◆ DATA RECORDS
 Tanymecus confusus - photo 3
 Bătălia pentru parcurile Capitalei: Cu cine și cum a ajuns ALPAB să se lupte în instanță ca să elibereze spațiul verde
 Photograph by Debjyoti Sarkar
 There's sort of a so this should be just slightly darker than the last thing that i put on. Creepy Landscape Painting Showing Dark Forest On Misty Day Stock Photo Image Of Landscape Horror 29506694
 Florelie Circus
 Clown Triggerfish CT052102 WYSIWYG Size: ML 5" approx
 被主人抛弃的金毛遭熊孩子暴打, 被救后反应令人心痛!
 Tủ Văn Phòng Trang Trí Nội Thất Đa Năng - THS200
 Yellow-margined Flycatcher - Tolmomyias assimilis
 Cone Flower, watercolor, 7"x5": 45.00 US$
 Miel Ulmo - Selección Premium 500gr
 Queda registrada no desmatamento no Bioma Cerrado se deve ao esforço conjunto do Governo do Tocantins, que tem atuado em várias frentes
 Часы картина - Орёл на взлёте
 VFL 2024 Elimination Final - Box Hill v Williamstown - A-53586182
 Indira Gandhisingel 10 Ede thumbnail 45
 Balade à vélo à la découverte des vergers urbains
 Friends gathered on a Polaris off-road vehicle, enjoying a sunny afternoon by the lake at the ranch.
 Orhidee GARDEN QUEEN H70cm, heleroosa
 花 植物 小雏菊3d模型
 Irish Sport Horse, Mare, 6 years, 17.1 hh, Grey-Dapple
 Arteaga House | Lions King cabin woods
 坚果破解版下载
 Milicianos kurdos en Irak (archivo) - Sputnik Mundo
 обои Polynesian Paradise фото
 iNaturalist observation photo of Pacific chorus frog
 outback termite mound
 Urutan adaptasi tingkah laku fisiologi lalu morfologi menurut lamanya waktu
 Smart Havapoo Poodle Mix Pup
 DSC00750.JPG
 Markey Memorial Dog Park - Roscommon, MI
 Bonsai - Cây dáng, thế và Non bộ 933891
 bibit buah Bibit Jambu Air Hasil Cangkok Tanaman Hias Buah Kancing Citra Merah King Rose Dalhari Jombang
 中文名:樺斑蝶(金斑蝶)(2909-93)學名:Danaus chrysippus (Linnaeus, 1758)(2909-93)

◆ PROBLEM
Quote exactly what appears from the line containing "Photograph by Debjyoti Sarkar" through the final line of the listing above, including both of those lines.

◆ RESPONSE TO THE TASK
 Photograph by Debjyoti Sarkar
 There's sort of a so this should be just slightly darker than the last thing that i put on. Creepy Landscape Painting Showing Dark Forest On Misty Day Stock Photo Image Of Landscape Horror 29506694
 Florelie Circus
 Clown Triggerfish CT052102 WYSIWYG Size: ML 5" approx
 被主人抛弃的金毛遭熊孩子暴打, 被救后反应令人心痛!
 Tủ Văn Phòng Trang Trí Nội Thất Đa Năng - THS200
 Yellow-margined Flycatcher - Tolmomyias assimilis
 Cone Flower, watercolor, 7"x5": 45.00 US$
 Miel Ulmo - Selección Premium 500gr
 Queda registrada no desmatamento no Bioma Cerrado se deve ao esforço conjunto do Governo do Tocantins, que tem atuado em várias frentes
 Часы картина - Орёл на взлёте
 VFL 2024 Elimination Final - Box Hill v Williamstown - A-53586182
 Indira Gandhisingel 10 Ede thumbnail 45
 Balade à vélo à la découverte des vergers urbains
 Friends gathered on a Polaris off-road vehicle, enjoying a sunny afternoon by the lake at the ranch.
 Orhidee GARDEN QUEEN H70cm, heleroosa
 花 植物 小雏菊3d模型
 Irish Sport Horse, Mare, 6 years, 17.1 hh, Grey-Dapple
 Arteaga House | Lions King cabin woods
 坚果破解版下载
 Milicianos kurdos en Irak (archivo) - Sputnik Mundo
 обои Polynesian Paradise фото
 iNaturalist observation photo of Pacific chorus frog
 outback termite mound
 Urutan adaptasi tingkah laku fisiologi lalu morfologi menurut lamanya waktu
 Smart Havapoo Poodle Mix Pup
 DSC00750.JPG
 Markey Memorial Dog Park - Roscommon, MI
 Bonsai - Cây dáng, thế và Non bộ 933891
 bibit buah Bibit Jambu Air Hasil Cangkok Tanaman Hias Buah Kancing Citra Merah King Rose Dalhari Jombang
 中文名:樺斑蝶(金斑蝶)(2909-93)學名:Danaus chrysippus (Linnaeus, 1758)(2909-93)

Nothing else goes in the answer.